Railing for me means...2 skis stay PLANTED on the snow at a MODERATE speed with FULL control of my sled, I leed 90% of the time and its nice to have a sled handle and get out of the way of some JERK cutting corners! Its a FAST & dangerous sport and you MUST be alert at all times or else...
 

TJRTX said:
Trust me its not you. With the high center of gravity and heavy motors of new yamaha sleds theres only so much you can do.Ever since two of my riding buddies bought doo's( 07 600 ho, and 09 tnt) Ive been trying to get my apex to corner like them, but no such luck.When you do get the yamaha to turn in corners, the tradeoff is inside ski lift.NO ski lift equals push in corners.There's no happy medium.I totally agree with your definition of great handling,thats why i think its funny when apex or nytro owners claim their sleds outhandle anything out there.Yes you can keep up with other sleds through the woods but you'll have to work a lot harder at it to get the same speed.I love my apex but by the true definition of great handling i'll admit its not a the top of the sled world.

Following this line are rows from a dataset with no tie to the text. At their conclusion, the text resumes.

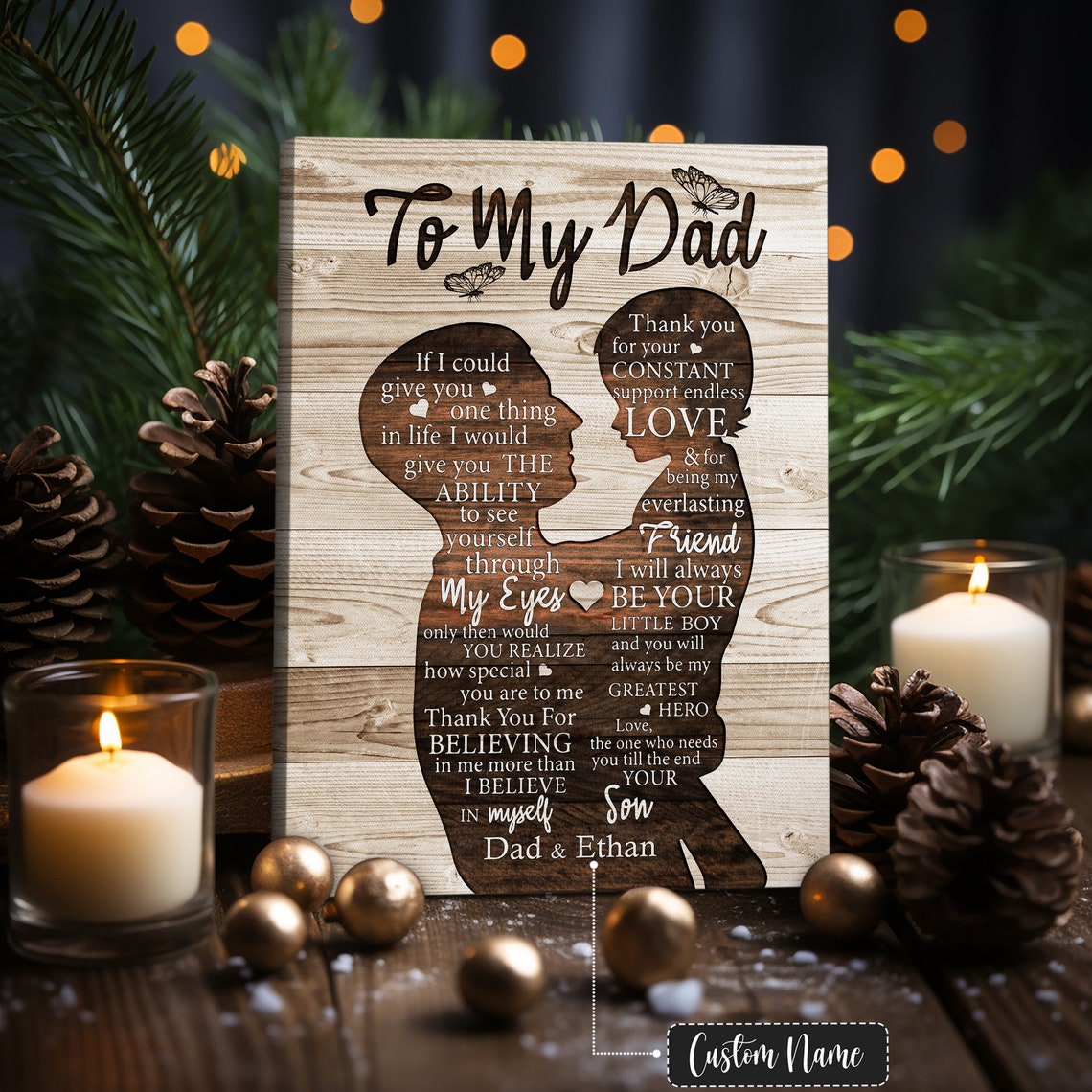 To My Dad Silhouette Tribute From Son Greatest Hero Custom Name Poster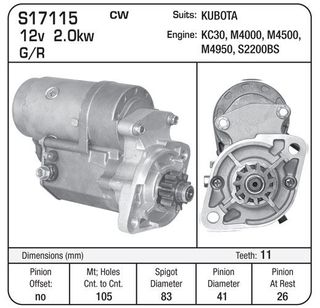 STARTER KUBOTA 2KW 11TH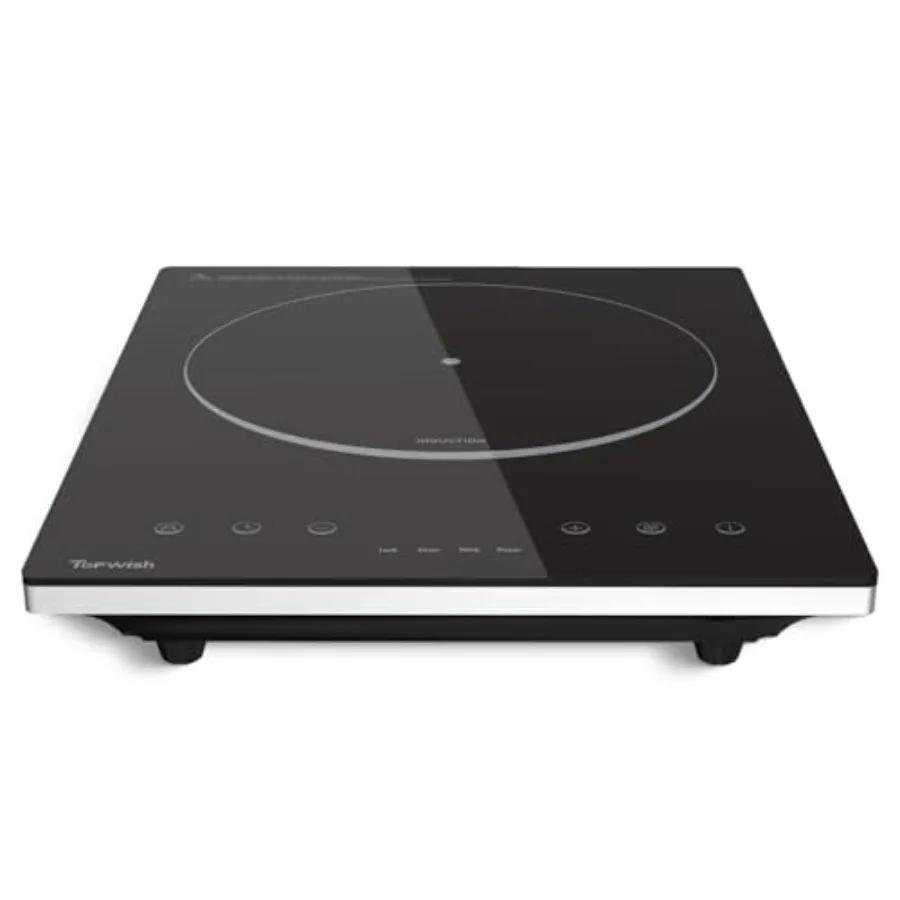 

Portable Induction Cooktop 1600W Electric Stove Top with 10 Temperature Levels up to 464F 110-120V High Energy Efficiency Lock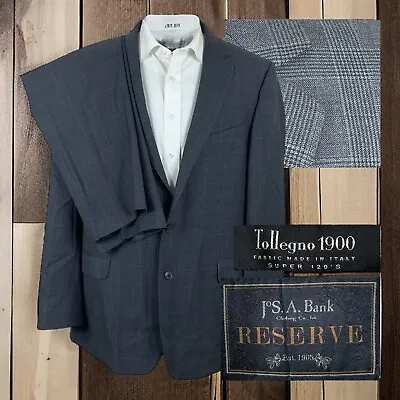 Jos A Bank Bespoke 2 Piece Suit Mens 46L 38x32 Gray Tartan Plaid Tollegno 1900 • $111.10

Your apex should be able to out corner the doo's without any issues it's all in the setup! I ride with all of those sleds and have yet to have one be able to keep up. If you have front Piggyback shocks with compression dial set to 3 from hardest my Apex Gt would hands down outperform all of the doo's. As a matter of fact the heavier front is an advantage and I am not a featherweight etither. When you get into loose snow conditions the weight is disadvantage.
 
TJRTX said:
Trust me its not you. With the high center of gravity and heavy motors of new yamaha sleds theres only so much you can do.Ever since two of my riding buddies bought doo's( 07 600 ho, and 09 tnt) Ive been trying to get my apex to corner like them, but no such luck.When you do get the yamaha to turn in corners, the tradeoff is inside ski lift.NO ski lift equals push in corners.There's no happy medium.I totally agree with your definition of great handling,thats why i think its funny when apex or nytro owners claim their sleds outhandle anything out there.Yes you can keep up with other sleds through the woods but you'll have to work a lot harder at it to get the same speed.I love my apex but by the true definition of great handling i'll admit its not a the top of the sled world.

agree 100%
 
rhoag said:
If someone says their sled rails in the corners that is subjective. I guess I was spoiled back in the old days of riding my SX, vipers and SRX's ... now those things railed. My definition of rails: stays flat with no inside ski lift and goes where you point it.
The reason for this post is I wonder if I am just expecting to much out of my XTX with it's weight and not so low center of gravity. I have the hygear triple rate springs, 6.9 pilots with 6" shapers in the middle and stock 4" on the outside, weight transfer set to minimum, center shock preload at minimum (10mm), and limiter strap stock hole.
As long as I ride at a moderate pace 40-45 MPH it's great very minimal inside ski lift and for the most part goes where I point it (depends on snow/trail conditions). At night when I ride a bit slower and can use the whole trail and hit the apex of the corner it rails.
I feel that the sled is as good as it's going to get. Is there anyone out there with an XTX that has no inside ski lift when riding hard?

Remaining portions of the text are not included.